North end of Yellowstone River-Powder River drainage divide area

Figure 3: North end of Yellowstone River-Powder River drainage divide area. United States Geological Survey map digitally presented using National Geographic Society TOPO software.

Figure 3 illustrates the north end of the Yellowstone River-Powder River drainage divide area. The northeast-oriented Yellowstone River flows from the figure 3 southwest corner to the figure 3 north center. The north and northwest-oriented Powder River flows from the figure 3 southeast quadrant to join the Yellowstone River in the figure 3 north center. Note how the Powder River joins the Yellowstone River as a barbed tributary, just like the other Yellowstone River tributaries seen in figure 3. Yellowstone River tributaries from the west are southeast oriented and from the east are northwest-oriented. This southeast and northwest-orientation of tributary valleys is evidence the deep Yellowstone River valley eroded headward across multiple southeast-oriented flood flow channels to capture the southeast-oriented flood flow and to divert the flood waters northeast. The northwest-oriented tributary valleys, including the northwest-oriented Powder River valley segment seen here, were initially eroded by reversed flood flow on the northwest ends of beheaded flood flow routes. Because the southeast-oriented flood flow was moving in anastomosing (or interconnected channels) it was easy for reversed flood flow channels to capture yet to be beheaded flood flow (and also reversed flood flow) from adjacent channels. Note how northwest-oriented Camp Creek has captured reversed flood flow from multiple channels. The Camp Creek success in capturing reversed flood flow was probably related to the success of the deep Powder River valley in capturing both reversed flood flow and yet to be beheaded flood flow routes, especially south of the reversed flood flow region. Note the Yellowstone River-Powder River drainage divide in this figure 3 map area is an asymmetric drainage divide with a much steeper slope on the Powder River side. This asymmetric drainage divide suggests the deep Powder River valley may have eroded south across reversed flood flow routes that had been eroding the northwest-oriented Camp Creek valley system.

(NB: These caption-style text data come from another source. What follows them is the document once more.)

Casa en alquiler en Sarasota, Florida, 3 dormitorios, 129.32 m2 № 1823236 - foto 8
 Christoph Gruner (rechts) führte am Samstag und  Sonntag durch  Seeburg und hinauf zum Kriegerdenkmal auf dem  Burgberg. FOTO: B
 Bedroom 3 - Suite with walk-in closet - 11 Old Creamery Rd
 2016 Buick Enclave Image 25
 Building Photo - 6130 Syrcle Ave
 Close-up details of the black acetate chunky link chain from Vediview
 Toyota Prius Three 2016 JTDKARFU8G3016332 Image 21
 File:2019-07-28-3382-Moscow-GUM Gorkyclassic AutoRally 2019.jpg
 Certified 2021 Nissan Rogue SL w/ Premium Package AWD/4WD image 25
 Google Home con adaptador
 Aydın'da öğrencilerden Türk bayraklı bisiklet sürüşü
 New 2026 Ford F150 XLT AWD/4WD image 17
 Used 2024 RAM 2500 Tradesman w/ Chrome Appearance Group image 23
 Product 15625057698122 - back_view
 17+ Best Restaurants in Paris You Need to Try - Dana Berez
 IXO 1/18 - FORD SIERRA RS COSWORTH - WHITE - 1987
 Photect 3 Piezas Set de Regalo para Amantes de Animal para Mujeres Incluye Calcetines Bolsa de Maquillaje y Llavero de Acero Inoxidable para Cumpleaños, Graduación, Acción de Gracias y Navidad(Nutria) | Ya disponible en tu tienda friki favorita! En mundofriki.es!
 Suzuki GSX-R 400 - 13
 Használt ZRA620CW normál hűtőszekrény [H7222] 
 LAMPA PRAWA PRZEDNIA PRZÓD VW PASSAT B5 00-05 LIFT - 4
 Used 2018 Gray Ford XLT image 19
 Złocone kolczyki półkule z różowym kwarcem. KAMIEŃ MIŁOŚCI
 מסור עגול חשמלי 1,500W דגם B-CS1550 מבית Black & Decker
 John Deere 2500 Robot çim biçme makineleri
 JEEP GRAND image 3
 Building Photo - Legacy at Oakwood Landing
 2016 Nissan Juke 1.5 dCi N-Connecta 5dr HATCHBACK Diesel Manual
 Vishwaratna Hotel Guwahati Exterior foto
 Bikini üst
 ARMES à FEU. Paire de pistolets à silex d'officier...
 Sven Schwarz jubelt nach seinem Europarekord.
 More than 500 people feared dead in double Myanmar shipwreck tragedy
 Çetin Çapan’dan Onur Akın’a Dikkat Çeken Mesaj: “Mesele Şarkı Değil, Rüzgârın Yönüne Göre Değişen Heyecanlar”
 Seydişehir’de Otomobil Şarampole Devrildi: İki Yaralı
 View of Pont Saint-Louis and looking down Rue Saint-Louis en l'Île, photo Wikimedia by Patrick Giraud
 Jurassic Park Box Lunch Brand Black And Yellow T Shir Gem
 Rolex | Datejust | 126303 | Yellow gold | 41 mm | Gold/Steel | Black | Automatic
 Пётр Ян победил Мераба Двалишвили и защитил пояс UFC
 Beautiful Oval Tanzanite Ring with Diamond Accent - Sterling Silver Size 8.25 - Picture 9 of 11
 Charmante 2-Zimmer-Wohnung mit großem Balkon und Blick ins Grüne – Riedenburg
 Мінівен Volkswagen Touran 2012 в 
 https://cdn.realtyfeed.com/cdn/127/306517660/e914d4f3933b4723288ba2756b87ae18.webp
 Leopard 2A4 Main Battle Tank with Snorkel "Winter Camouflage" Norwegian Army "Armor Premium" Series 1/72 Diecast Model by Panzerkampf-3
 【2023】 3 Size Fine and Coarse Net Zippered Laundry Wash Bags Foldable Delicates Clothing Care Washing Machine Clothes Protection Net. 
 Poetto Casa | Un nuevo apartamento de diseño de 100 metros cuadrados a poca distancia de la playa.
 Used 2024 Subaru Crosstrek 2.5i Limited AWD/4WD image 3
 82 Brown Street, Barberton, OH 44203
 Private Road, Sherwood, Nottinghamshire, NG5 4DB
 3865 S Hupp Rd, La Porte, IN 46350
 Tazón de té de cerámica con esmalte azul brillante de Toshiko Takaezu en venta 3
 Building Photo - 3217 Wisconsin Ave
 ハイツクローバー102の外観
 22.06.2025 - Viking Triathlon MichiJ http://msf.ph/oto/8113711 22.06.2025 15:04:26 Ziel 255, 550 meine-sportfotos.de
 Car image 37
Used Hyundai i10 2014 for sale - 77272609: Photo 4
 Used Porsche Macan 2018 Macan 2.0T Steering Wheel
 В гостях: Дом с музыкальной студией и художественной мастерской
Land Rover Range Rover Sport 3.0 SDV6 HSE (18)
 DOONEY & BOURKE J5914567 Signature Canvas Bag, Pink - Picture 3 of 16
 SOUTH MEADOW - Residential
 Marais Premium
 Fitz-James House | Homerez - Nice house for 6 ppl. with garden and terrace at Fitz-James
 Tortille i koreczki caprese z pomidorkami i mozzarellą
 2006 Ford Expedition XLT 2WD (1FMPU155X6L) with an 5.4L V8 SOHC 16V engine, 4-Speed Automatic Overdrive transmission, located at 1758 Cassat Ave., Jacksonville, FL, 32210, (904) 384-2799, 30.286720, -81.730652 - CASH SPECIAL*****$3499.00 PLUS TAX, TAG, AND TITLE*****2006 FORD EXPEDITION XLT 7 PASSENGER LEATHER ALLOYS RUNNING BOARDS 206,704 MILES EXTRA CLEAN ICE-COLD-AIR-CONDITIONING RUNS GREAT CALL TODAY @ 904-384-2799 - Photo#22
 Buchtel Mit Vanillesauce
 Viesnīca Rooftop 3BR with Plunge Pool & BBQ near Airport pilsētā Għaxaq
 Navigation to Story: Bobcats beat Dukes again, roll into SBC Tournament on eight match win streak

The Powder River-O’Fallon Creek drainage divide essay describes regions east of the Powder River valley and how northwest-oriented Powder River valley segments were eroded when the deep northeast-oriented Yellowstone River valley beheaded a major southeast oriented flood flow route.

North end of Cottonwood Creek-Powder River drainage divide area

Figure 4: North end of Cottonwood Creek-Powder River drainage divide area. United States Geological Survey map digitally presented using National Geographic Society TOPO software.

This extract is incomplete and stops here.